• **Brief**: What number of lines in the data below contain the string "avec"? Answer with that number alone.

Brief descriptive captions

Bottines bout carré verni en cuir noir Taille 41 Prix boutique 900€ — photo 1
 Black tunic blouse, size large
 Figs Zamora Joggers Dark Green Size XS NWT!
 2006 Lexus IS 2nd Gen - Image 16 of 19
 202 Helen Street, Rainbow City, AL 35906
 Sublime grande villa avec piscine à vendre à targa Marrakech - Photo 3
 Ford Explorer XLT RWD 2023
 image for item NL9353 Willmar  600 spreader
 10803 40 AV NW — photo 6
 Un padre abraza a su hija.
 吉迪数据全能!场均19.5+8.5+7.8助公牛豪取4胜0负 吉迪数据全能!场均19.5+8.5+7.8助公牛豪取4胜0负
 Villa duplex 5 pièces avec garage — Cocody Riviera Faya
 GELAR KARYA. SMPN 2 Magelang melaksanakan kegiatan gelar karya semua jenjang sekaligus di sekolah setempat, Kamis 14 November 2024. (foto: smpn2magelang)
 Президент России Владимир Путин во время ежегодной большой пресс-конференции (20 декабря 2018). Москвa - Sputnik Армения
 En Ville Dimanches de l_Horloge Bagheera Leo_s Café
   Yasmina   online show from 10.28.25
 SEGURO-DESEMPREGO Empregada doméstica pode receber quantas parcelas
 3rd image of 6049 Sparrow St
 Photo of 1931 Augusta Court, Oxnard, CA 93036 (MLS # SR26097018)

• **Answer**: 2